Divagando Apenas

À Última Tertúlia

Evolui a humanidade. Desenvolvem-se as nações.

O progresso é o principal objectivo, único, impa­rável.

Os homens, felizes com as sucessivas vitórias obtidas contra a Natureza e orgulhosos dos avanços tecnológi­cos, sorriem.

Ávidos de novidade tudo consomem, indiscri­minada e des­ne­ces­sariamente, endividam-se, poluem, imaginam ter alcan­çado a felicidade e sorriem.

Já não olham para os outros homens, só eles próprios exis­tem e gostam do que vêem. Cultuam, egoística e narcisicamente, o eu, e com­pram espe­lhos, muitos espelhos, e transfor­mam a sociedade num imen­so labi­rinto onde se multiplicam até ao infinito os rostos da vai­dade.

Todos têm o mesmo ar feliz, seráfico, estúpido, alme­jam as mes­mas coisas banais, descartáveis, inúteis, e sorriem.

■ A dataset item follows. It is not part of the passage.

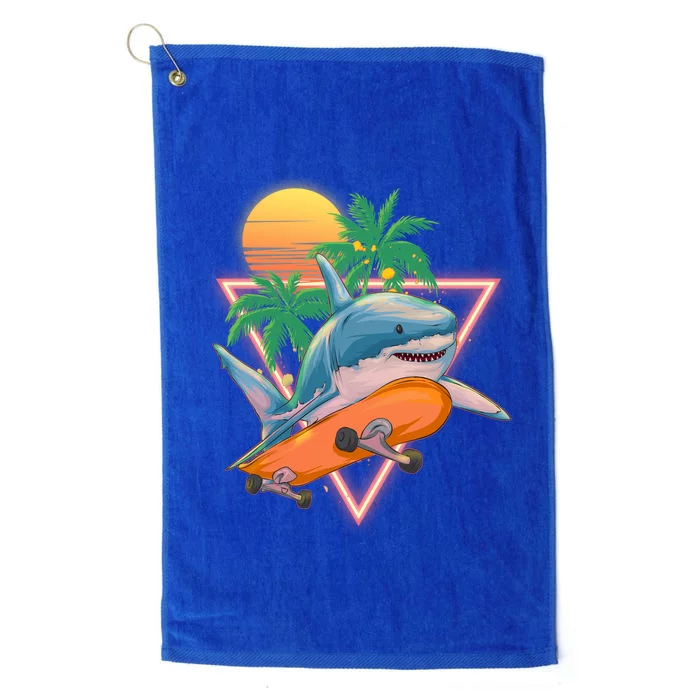 Retro Eighties 80's Skateboarding Shark Platinum Collection Golf Towel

Os homens, originários da primordial e caótica amál­gama, ele­varam-se durante milénios a pata­ma­res espiri­tuais onde perde­ram a animalidade e adquiriram uma alma – Platão até a considerava neces­sária para estabelecer a diferença com os outros seres vivos – e, na sua pureza primitiva, sorriram.

Talvez, por se imaginarem deuses, os homens de hoje des­de­nham a alma e as coisas do espírito e caminham, aberta e cega­mente, pelas trilhas do egoísmo e do indivi­dua­lismo, des­co­nhe­cendo o sonho e vivendo agrilhoados a princípios fúteis.

Alienados e agarrados à matéria corrompida, tam­bém des­conhe­cem (o que Yeats há muito sabia) que a vida é apenas uma gota de água entre os oceanos infinitos das nossas duas eternida­des e, alar­ve­mente, sorriem.

Entretanto, numa ilha imaginária – chamemos-lhe Mada­gás­car – outros homens e mulheres, talvez mais sábios, vivem a sua uto­pia. Não são homens verdadeiros (onde estará a ver­dade?), são homens – como direi? – espirituais, por­que os envolve uma aura.

Cultivam o amor, e mais do que isso, a amizade; procu­ram o conhecimento, cuidam da alma, aca­lentam o sonho e também sorriem.

Sorriem porque a alegria inefável que sentem provém-lhes do espírito, iluminado pela luz pura que outros homens – igual­mente espirituais – irra­diam.

Habitam aquela ilha náufraga, perdida num mundo que retor­na abertamente ao caos, mas onde mil sóis explodem nas trevas e brilham intensa­mente sobre eles.

Ali, em completa harmonia e em total liber­dade, esses ho­mens são felizes e, humildemente, sorriem.